Is the Motorola Project Ara to do to smartphones what the IBM PC did for desktop computers?


Motorola unveils Project Ara, customizable smartphone effort | CNET

Motorola’s ‘Project Ara’ modular smartphone setup switches out hardware like apps  | Engadget

Project Ara: Motorola Wants to Make Your Smartphone Modular | Mashable

My Comments

The IBM PC of 1981 had not just become the standard for a business-class desktop computer as far as software was concerned but epitonised the concept of a highly-modular hardware design. This was highly evident in the way the computer’s system unit was designed where there were user-upgradeable parts, a concept that was so heavily underscored with the PC/AT “second-generation” design.

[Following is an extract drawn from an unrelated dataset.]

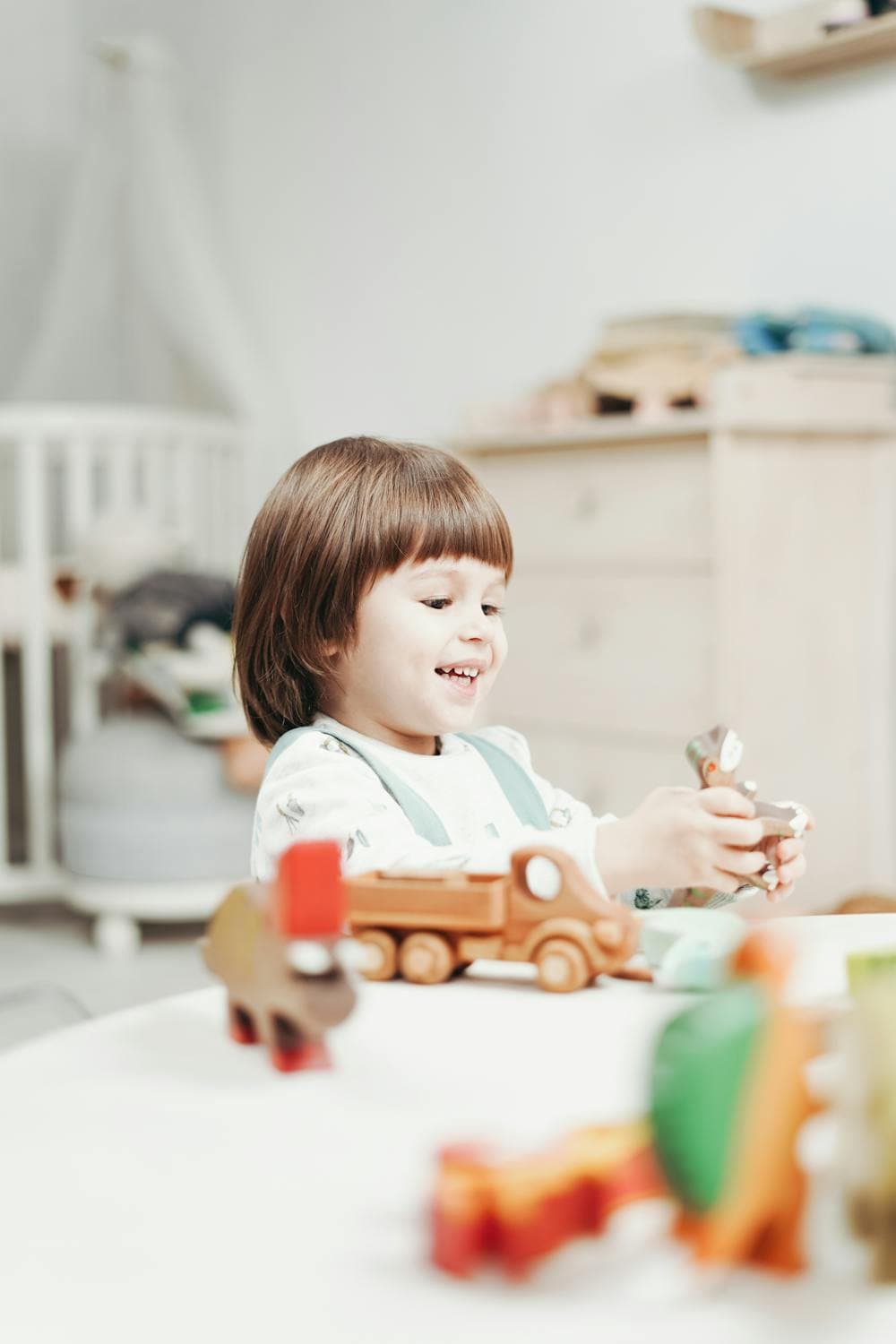 Smiling preschooler playing with wooden toy animals and a toy truck at a table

Here these computers had a continuous update and upgrade lifecycle where one could install faster microprocessors, highly-capable graphics cards, hard disks of increasing capacity, increased RAM, newer secondary-storage media like backup tapes, 3.5” disks and CD-ROMs  along with various communications devices like modems and network cards. This capability evolved with the ATX form factor along with newer smaller form-factors such as microITX.

In my experience with desktop computers since the early 1990s, I kept “dragging through”components from a previous chassis to a newer chassis to keep them useful and valid while being able to, in some cases, junk dud components like power supplies with nearly-worn-out fans and replace them myself. This has allowed me to maintain a longer service life for my desktop computing experience.and achieve this goal with minimal expense.

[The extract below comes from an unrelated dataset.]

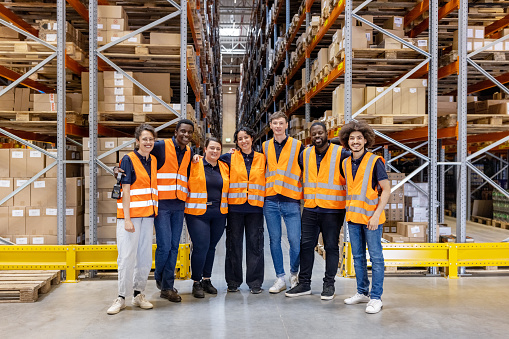 Portrait of multi-ethnic warehouse workers standing together. Team of workers in reflective clothing working at distribution warehouse.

Similarly, I have seen most offices equipped with computers that have the “right mix” of software and hardware but where most of the componentry is affordable and the only expensive aspects of the system are components that suit a particular job. For that matter, this modularity opened up the business desktop-computing boom in the late 1980s.

Now Google’s Motorola smartphone arm is bringing this concept to the smartphone in the form of “click-together” components that snap on to a “skeleton” which is similar to a PC’s motherboard. Google wanted to achieve a platform for the hardware like what Android has done for the software. The goal with the Ara platform would be to have user-replaceable processors, displays, keyboards and the like that also allow these phones to work to newer technologies or work to specific needs.

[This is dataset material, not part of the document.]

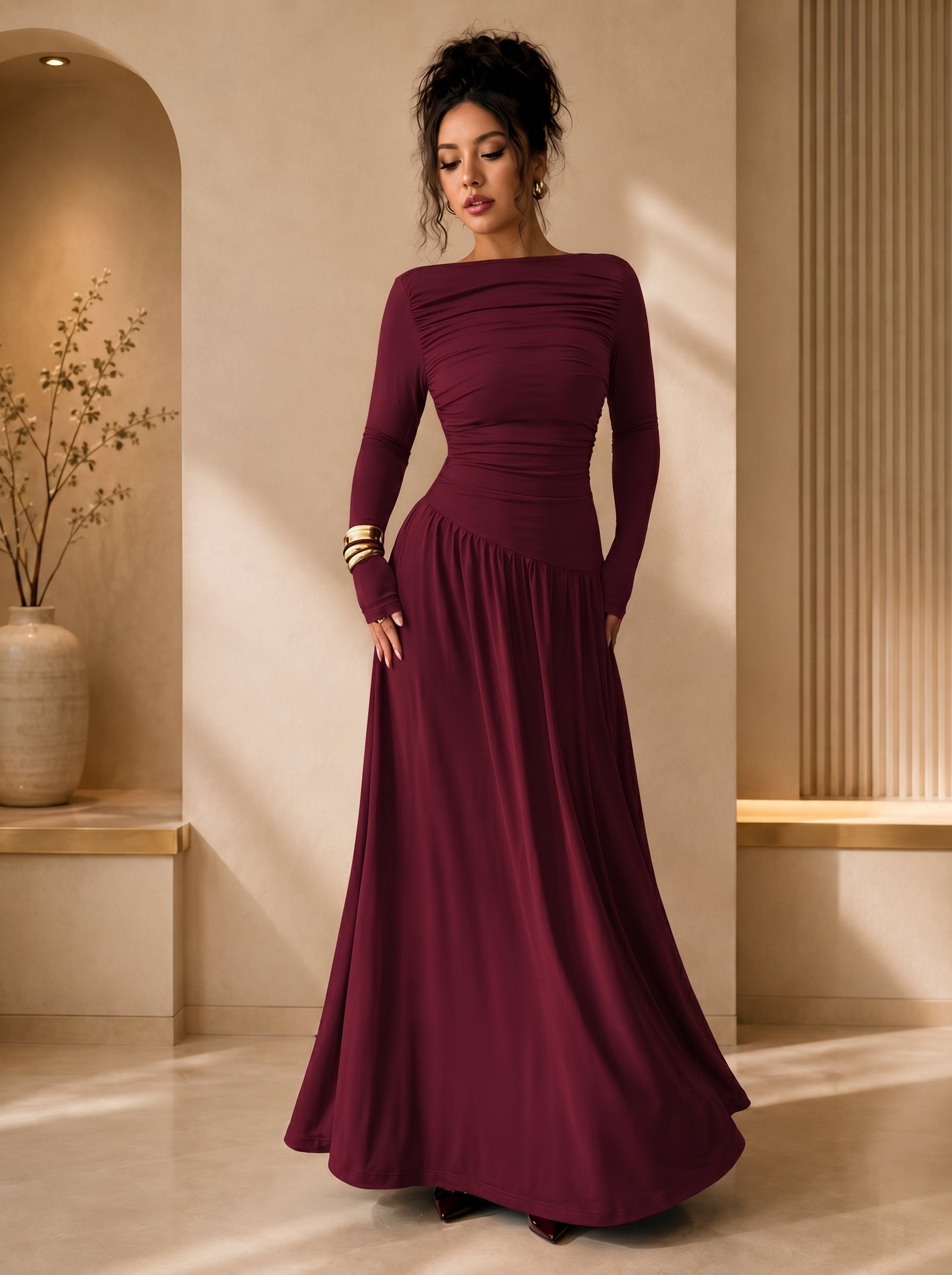Woman wearing a burgundy evening gown in an elegant indoor setting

For example, a higher-capacity flash storage could be planted in these phones or a Bluetooth module compliant to the latest Bluetooth specification could come in to play here. Similarly, the cracked screen could be easily replaced with something newer and brighter or an extra switch array could come in to place for one-touch access to functions. A newer sensor could come in to place to allow the phone to measure newer quantities as a dual-band 802.11ac Wi-Fi radio links the phone to the networks.

Of course this will lead to the longer service life for these phones as people “spin them out” further to their ever-changing needs and as technology marches onwards.